Working from the records below, repeat exactly the lines starting at the line that contains "Kai - Combinaison" and ending at the line that contains "KY license plate 385TVO", inclusive.

Segment Start: SUPPLIED DATA

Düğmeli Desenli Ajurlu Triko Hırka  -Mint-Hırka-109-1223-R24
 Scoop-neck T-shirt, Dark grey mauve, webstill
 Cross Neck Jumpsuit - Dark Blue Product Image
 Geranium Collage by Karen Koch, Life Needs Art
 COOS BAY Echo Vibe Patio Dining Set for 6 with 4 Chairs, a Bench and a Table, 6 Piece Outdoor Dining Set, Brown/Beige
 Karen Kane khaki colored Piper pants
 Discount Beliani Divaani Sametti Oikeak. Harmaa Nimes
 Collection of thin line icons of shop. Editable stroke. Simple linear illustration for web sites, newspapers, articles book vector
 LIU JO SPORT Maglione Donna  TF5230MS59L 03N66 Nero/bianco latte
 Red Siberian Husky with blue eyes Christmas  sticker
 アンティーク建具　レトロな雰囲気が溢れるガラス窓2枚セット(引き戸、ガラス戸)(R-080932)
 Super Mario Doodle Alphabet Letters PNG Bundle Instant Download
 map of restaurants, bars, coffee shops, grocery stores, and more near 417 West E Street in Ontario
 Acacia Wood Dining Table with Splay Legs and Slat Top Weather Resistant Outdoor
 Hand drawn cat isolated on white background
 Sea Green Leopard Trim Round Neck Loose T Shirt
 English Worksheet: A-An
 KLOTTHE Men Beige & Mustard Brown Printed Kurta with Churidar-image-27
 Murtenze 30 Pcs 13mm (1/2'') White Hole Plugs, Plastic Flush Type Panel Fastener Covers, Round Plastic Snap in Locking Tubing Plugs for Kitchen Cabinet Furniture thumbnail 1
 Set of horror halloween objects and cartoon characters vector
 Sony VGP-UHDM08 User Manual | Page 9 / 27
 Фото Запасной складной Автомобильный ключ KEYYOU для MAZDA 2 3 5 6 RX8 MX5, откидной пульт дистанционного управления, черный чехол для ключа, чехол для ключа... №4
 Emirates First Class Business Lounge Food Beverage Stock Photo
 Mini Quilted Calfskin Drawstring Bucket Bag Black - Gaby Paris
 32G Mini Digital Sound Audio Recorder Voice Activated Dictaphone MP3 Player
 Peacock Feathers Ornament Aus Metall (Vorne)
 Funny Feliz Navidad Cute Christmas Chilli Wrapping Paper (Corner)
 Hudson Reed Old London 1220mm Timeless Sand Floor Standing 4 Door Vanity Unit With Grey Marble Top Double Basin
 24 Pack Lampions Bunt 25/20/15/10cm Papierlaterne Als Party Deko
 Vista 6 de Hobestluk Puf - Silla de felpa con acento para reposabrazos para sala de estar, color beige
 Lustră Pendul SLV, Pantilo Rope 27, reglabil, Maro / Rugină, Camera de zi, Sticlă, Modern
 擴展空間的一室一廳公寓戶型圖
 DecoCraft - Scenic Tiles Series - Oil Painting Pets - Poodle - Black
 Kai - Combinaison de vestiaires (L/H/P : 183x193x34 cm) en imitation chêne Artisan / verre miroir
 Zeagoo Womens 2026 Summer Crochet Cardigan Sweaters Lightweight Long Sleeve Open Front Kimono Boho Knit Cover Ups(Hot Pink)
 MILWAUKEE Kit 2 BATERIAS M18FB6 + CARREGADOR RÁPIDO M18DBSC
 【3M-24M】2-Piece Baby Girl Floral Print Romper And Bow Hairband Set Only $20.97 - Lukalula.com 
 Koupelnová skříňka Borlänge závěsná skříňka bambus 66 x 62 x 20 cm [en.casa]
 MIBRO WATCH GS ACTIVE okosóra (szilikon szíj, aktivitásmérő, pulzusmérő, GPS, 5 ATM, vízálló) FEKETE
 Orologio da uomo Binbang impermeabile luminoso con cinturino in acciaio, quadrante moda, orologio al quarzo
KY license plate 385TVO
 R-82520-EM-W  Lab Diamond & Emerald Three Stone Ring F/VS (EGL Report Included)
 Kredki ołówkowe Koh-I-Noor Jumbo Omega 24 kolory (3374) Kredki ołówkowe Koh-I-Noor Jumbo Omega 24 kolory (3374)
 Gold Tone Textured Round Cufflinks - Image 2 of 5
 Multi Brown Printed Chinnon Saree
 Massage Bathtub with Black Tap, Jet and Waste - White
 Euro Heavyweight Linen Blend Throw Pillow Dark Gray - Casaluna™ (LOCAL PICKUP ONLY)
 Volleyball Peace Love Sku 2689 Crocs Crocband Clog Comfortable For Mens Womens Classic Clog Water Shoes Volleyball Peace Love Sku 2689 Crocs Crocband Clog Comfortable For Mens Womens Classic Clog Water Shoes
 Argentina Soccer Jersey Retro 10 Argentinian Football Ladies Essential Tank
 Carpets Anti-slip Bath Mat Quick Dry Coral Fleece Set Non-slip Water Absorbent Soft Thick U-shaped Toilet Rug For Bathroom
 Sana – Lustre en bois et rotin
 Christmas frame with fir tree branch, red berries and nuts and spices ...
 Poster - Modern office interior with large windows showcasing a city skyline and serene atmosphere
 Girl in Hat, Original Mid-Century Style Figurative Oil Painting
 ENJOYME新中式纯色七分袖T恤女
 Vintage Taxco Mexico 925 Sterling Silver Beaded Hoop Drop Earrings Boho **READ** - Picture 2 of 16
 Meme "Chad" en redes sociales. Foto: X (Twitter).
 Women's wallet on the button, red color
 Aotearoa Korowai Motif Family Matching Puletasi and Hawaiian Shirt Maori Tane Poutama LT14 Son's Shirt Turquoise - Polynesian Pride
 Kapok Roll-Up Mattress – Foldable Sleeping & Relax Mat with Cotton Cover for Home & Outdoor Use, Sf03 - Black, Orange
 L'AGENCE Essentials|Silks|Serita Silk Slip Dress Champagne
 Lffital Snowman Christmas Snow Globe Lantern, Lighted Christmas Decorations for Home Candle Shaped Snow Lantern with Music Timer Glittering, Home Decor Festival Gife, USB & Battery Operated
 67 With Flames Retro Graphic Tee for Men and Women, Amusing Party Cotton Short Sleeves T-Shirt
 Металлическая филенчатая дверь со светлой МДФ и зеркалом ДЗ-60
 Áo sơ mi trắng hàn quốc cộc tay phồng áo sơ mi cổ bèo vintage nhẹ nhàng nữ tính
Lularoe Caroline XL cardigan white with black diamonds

Segment End: SUPPLIED DATA

§ RESULT OF THE TASK
 Kai - Combinaison de vestiaires (L/H/P : 183x193x34 cm) en imitation chêne Artisan / verre miroir
 Zeagoo Womens 2026 Summer Crochet Cardigan Sweaters Lightweight Long Sleeve Open Front Kimono Boho Knit Cover Ups(Hot Pink)
 MILWAUKEE Kit 2 BATERIAS M18FB6 + CARREGADOR RÁPIDO M18DBSC
 【3M-24M】2-Piece Baby Girl Floral Print Romper And Bow Hairband Set Only $20.97 - Lukalula.com 
 Koupelnová skříňka Borlänge závěsná skříňka bambus 66 x 62 x 20 cm [en.casa]
 MIBRO WATCH GS ACTIVE okosóra (szilikon szíj, aktivitásmérő, pulzusmérő, GPS, 5 ATM, vízálló) FEKETE
 Orologio da uomo Binbang impermeabile luminoso con cinturino in acciaio, quadrante moda, orologio al quarzo
KY license plate 385TVO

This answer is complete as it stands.